Pascal's Chatbot Q&As
Posts
GPT-4o: LLMs (especially bigger ones) memorize more than we thought—not just long, obvious passages, but obscure, high-surprisal tokens too. Post-training filters are not enough.

GPT-4o: LLMs (especially bigger ones) memorize more than we thought—not just long, obvious passages, but obscure, high-surprisal tokens too. Post-training filters are not enough.

Even with safety filters added by companies, memorization persists at the token level—this suggests post-training defenses are leaky.

Pascal Hetzscholdt
April 06, 2025

Asking ChatGPT-4o: Please analyze the paper “Information-Guided Identification of Training Data Imprint in (Proprietary) Large Language Models”, tell me what it says in easy to understand language, list the most surprising, controversial and valuable statements and findings, and list lessons for AI developers, rights owners and regulators.

ChatGPT-4o’s answer:
Here’s a clear and digestible analysis of the paper “Information-Guided Identification of Training Data Imprint in (Proprietary) Large Language Models”by Abhilasha Ravichander et al.

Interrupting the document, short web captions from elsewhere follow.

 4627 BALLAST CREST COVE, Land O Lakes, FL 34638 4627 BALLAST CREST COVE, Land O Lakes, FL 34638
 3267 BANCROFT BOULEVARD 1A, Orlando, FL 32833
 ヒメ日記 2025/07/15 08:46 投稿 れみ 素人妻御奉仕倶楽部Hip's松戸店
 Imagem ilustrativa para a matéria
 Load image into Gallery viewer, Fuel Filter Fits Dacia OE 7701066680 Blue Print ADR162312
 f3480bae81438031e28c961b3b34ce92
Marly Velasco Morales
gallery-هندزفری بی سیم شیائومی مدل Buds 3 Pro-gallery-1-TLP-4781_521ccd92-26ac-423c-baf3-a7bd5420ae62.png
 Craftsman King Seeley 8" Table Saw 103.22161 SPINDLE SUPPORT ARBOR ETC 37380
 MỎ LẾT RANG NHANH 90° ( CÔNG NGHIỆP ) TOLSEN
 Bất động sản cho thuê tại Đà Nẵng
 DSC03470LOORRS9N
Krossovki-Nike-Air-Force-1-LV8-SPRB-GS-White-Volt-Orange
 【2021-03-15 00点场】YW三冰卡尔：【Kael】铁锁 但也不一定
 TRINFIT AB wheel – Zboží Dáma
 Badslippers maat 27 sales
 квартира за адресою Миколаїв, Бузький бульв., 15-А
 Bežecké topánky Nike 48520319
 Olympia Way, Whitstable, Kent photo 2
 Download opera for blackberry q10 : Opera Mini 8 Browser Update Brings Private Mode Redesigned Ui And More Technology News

🧠 What the paper says (in simple terms)

Large language models (LLMs) like GPT-4 are trained on huge amounts of text data—but the companies behind them don’t say exactly what that data is. This secrecy raises concerns about copyright, fairness, and scientific transparency.

The paper proposes a new method to detect what training data these models might have memorized, even if you only have black-box access (i.e., you can only give inputs and see outputs, no internal info).

How it works:

Find "surprising" words in a piece of text (words that are hard to guess from context).
Mask those words and ask the model to fill in the blank.
If the model gets it right, and the word is hard to guess from context, it probably memorized that text.

This technique doesn’t need access to the model’s internal workings—it works just by analyzing its output, which makes it great for probing closed-source models like GPT-4.

💥 Most Surprising Findings

LLMs (especially bigger ones) memorize more than we thought—not just long, obvious passages, but obscure, high-surprisal tokens too.
Even when models no longer regurgitate full articles verbatim, they still recall "imprints" from the data, which can be detected with this method.
Their method beats prior probing techniques like prefix matching and cloze tests by being more precise and more applicable across different text types.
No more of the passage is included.